WHAT YOU WILL DO
Write out the entries once more, exactly as they appear.
*** EXERCISE MATERIALS ***
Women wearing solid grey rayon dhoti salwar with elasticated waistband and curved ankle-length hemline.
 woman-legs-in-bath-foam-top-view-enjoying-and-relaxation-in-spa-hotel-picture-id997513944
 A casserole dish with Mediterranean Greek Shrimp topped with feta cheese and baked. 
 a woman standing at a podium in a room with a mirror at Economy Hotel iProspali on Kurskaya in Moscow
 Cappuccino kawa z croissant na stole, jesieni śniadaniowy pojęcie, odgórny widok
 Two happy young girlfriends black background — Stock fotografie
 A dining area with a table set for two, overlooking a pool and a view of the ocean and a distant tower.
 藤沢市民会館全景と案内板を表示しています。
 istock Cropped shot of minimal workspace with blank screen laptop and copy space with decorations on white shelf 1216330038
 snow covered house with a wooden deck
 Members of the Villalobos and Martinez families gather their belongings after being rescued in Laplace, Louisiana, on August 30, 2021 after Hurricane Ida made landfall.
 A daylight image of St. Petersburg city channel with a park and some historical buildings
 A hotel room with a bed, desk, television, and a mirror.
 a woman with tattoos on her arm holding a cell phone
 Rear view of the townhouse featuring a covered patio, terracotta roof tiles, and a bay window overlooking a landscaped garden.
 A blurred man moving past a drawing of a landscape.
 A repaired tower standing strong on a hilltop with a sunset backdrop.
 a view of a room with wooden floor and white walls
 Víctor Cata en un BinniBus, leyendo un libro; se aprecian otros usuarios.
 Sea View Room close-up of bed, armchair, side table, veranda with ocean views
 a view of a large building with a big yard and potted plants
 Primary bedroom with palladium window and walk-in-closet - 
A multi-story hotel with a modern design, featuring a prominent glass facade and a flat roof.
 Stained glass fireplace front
*** End of EXERCISE MATERIALS ***
RESPONSE TO THE EXERCISE
Women wearing solid grey rayon dhoti salwar with elasticated waistband and curved ankle-length hemline.
 woman-legs-in-bath-foam-top-view-enjoying-and-relaxation-in-spa-hotel-picture-id997513944
 A casserole dish with Mediterranean Greek Shrimp topped with feta cheese and baked. 
 a woman standing at a podium in a room with a mirror at Economy Hotel iProspali on Kurskaya in Moscow
 Cappuccino kawa z croissant na stole, jesieni śniadaniowy pojęcie, odgórny widok
 Two happy young girlfriends black background — Stock fotografie
 A dining area with a table set for two, overlooking a pool and a view of the ocean and a distant tower.
 藤沢市民会館全景と案内板を表示しています。
 istock Cropped shot of minimal workspace with blank screen laptop and copy space with decorations on white shelf 1216330038
 snow covered house with a wooden deck
 Members of the Villalobos and Martinez families gather their belongings after being rescued in Laplace, Louisiana, on August 30, 2021 after Hurricane Ida made landfall.
 A daylight image of St. Petersburg city channel with a park and some historical buildings
 A hotel room with a bed, desk, television, and a mirror.
 a woman with tattoos on her arm holding a cell phone
 Rear view of the townhouse featuring a covered patio, terracotta roof tiles, and a bay window overlooking a landscaped garden.
 A blurred man moving past a drawing of a landscape.
 A repaired tower standing strong on a hilltop with a sunset backdrop.
 a view of a room with wooden floor and white walls
 Víctor Cata en un BinniBus, leyendo un libro; se aprecian otros usuarios.
 Sea View Room close-up of bed, armchair, side table, veranda with ocean views
 a view of a large building with a big yard and potted plants
 Primary bedroom with palladium window and walk-in-closet - 
A multi-story hotel with a modern design, featuring a prominent glass facade and a flat roof.
 Stained glass fireplace front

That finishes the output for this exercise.